WHAT IS BEING ASKED = Go through the records below and return each line that has "Keyboard" in it.

(Entries taken from a collection)
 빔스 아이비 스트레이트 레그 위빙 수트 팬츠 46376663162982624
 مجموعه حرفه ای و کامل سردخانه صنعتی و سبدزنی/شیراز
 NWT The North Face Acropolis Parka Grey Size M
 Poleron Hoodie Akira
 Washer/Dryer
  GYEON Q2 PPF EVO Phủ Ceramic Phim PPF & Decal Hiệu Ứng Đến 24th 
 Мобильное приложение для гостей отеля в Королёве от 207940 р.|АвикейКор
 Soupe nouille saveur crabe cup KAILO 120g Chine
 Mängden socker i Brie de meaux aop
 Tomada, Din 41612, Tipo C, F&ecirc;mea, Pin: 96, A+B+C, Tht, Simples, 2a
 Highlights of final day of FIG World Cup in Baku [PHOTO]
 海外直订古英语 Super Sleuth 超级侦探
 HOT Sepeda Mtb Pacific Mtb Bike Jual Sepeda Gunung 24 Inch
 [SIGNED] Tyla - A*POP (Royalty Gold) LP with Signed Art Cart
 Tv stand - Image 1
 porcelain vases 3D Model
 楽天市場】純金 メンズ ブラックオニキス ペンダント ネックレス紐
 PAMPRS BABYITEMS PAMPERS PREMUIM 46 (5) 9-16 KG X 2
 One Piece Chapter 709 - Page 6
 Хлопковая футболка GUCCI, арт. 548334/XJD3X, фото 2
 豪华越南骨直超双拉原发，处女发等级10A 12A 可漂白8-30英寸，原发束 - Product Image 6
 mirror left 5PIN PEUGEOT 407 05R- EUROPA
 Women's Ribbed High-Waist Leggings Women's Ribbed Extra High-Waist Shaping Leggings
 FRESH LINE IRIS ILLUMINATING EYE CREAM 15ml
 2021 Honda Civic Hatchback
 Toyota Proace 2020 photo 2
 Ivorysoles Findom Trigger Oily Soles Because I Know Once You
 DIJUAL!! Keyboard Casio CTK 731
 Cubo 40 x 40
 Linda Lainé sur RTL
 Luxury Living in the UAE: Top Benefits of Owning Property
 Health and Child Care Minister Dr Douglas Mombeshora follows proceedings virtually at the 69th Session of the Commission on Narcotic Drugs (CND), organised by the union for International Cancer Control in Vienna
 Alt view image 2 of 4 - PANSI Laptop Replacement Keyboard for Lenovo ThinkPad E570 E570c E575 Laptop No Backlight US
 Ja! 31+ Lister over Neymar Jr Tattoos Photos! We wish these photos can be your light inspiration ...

REPLY TO THE TASK =
 DIJUAL!! Keyboard Casio CTK 731
 Alt view image 2 of 4 - PANSI Laptop Replacement Keyboard for Lenovo ThinkPad E570 E570c E575 Laptop No Backlight US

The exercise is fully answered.